Une avance en compte courant ! Elle peut soit compléter votre part du capital, soit s’apparenter à des créances sur votre rémunération, ou le remboursement de vos frais, le versement de vos dividendes, etc. Pour information, les avances figurent en compte 455 – associés – compte courant dans la comptabilité.

Qui peut procéder ainsi ? Les associés, les actionnaires (SARL, société anonyme, société de personnes) et les dirigeants (gérant, directeur général, membre du directoire ou du conseil d’administration…).

Quels sont les avantages ? Si l’associé le souhaite, la société peut lui verser des intérêts sur les avances consenties, lui permettant de percevoir une rémunération, et ce même si la société n’a pas de résultat. Pour la société, ces intérêts sont considérés comme des charges financières ; ils sont donc déductibles des résultats (à condition que le capital social soit entièrement libéré).

La rémunération du compte courant d’associé est-elle sans limite ?

Si société et associé(s) fixent librement le taux d’intérêt dans une convention de compte courant d’associé, il vaut mieux respecter certaines conditions :

  • une personne morale ne peut pas consentir d’avance sans contrepartie, sauf cas exceptionnel (soutien d’une filiale en délicatesse, en redressement ou en liquidation judiciaire par ex) ;
  • pour donner lieu à déduction fiscale, le taux d’intérêt doit être inférieur au taux légal (= moyenne annuelle des taux effectifs moyens pratiqués par les banques pour les prêts à taux variables aux entreprises, d’une durée supérieure à deux ans) ;
  • par ailleurs, un taux d’intérêt disproportionné peut s’apparenter à une faute de gestion.
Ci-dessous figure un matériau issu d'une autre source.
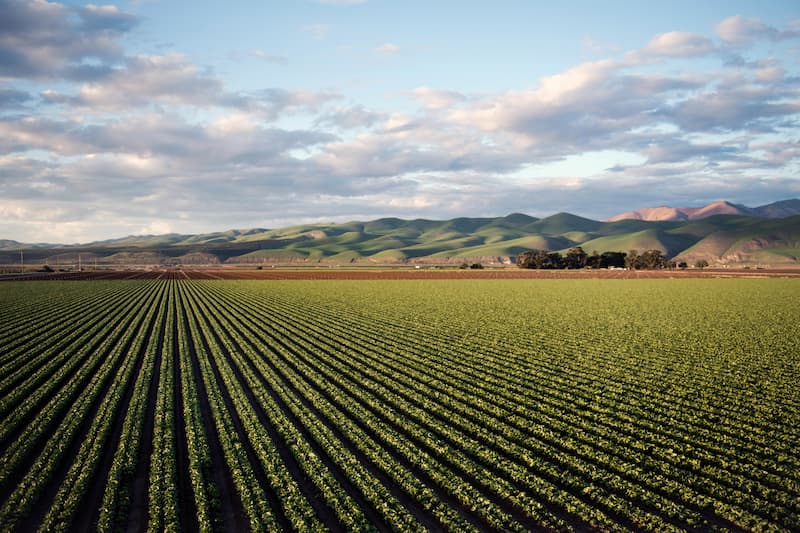 servicios agrarios la union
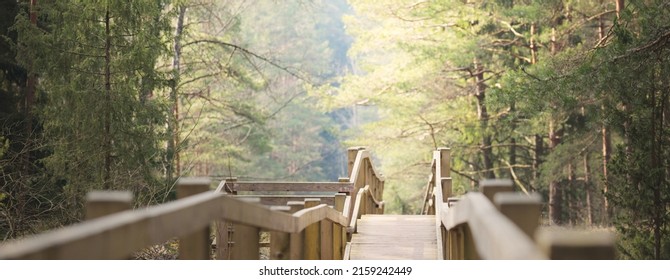 Modern Wooden Pathway (boardwalk) In Evergreen Forest. Pine, Fir, Spruce Trees. Mist, Soft Sunlight. Spring Landscape. Europe. Nature, Ecology, Environment, Ecotourism, Nordic Walking, Recreation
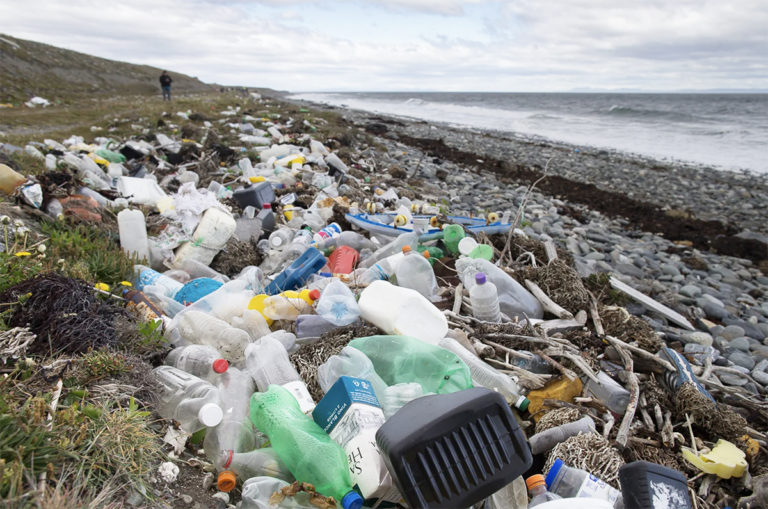 5 de junio Día Mundial del Medio Ambiente: por un planeta con menos plásticos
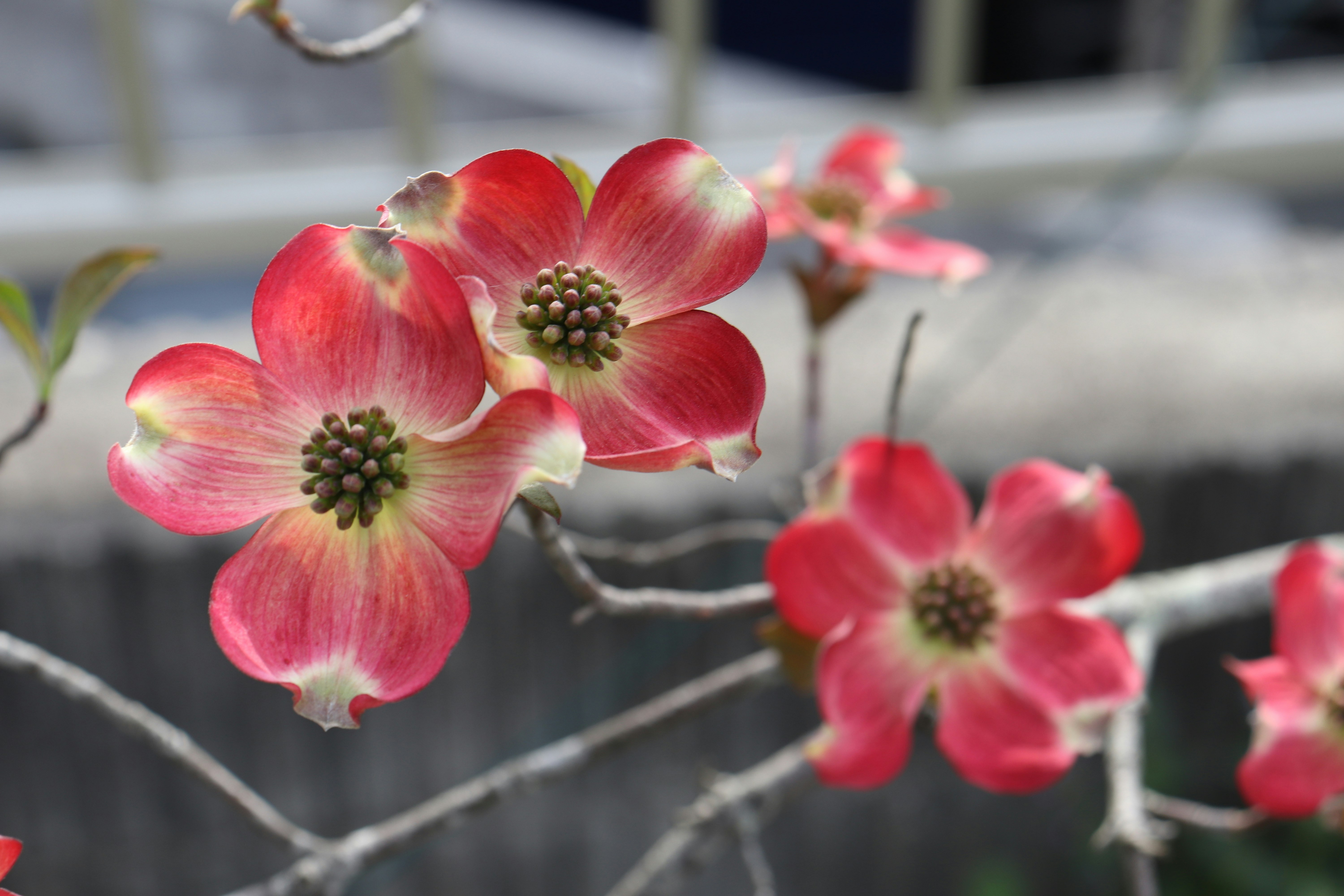 Cận cảnh hoa dogwood màu hồng phấn và đầu cành
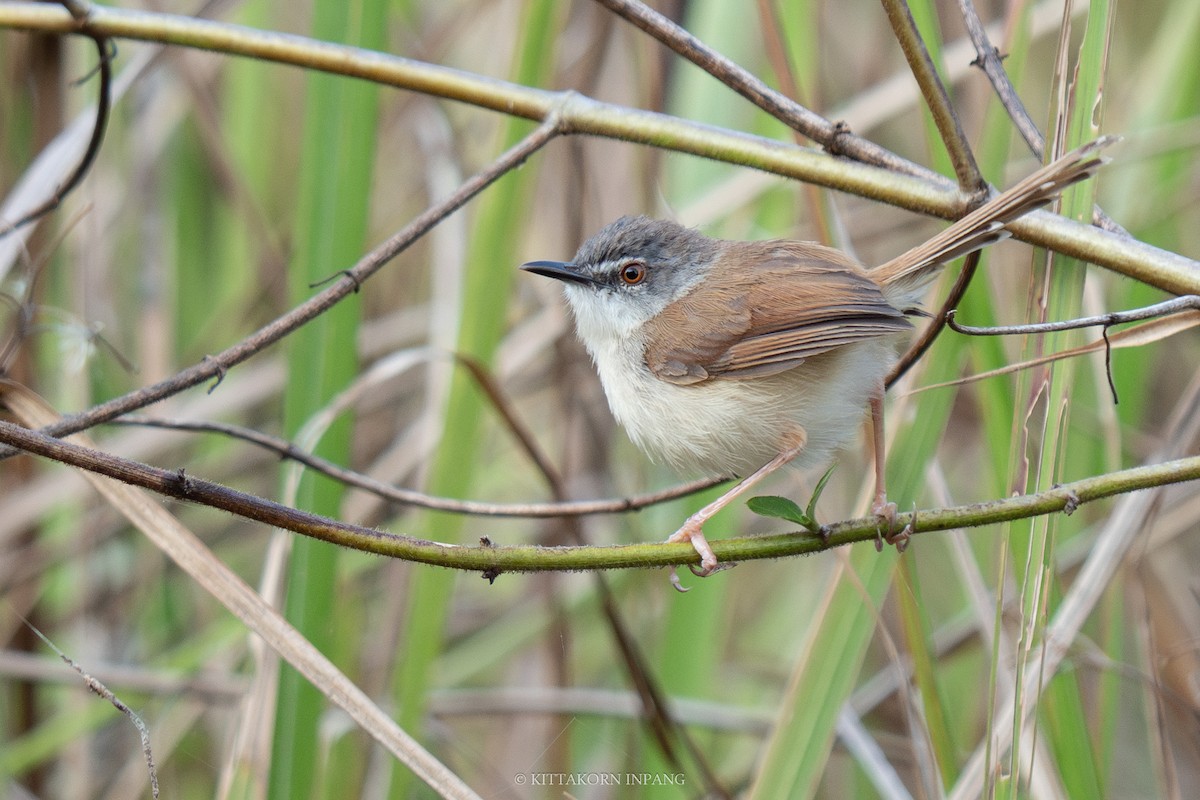 Rufescent Prinia - ML615976566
Pour fixer un taux acceptable par tous, la société doit s’assurer qu’elle ne peut pas trouver de sources de financement plus avantageuses. Elle peut prendre pour repères les taux d’emprunt bancaires et le taux maximum fixé par l’administration…

Une fois le taux arrêté, la rémunération se calcule au prorata des sommes avancées et de la période de mise à disposition des fonds (nombre de jours ou de mois).

Quelle fiscalité pour les intérêts de compte courant d’associé ?

Pour les personnes morales, ce sont des produits financiers soumis à l’impôt sur les sociétés ou, en cas d’option pour le régime des sociétés de personnes, au nom de ses associés.

Pour les personnes physiques, les intérêts sont considérés comme des revenus de capitaux mobiliers, soumis à l’impôt sur le revenu, avec un prélèvement forfaitaire unique (PFU) de 12,80 %, ou en fonction d’un barème progressif d’imposition (ce qui n’est plus le cas pour les intérêts perçus à partir de 2018), auxquels s’ajoutent les prélèvements sociaux (17,20 %), soit un total de 30 %.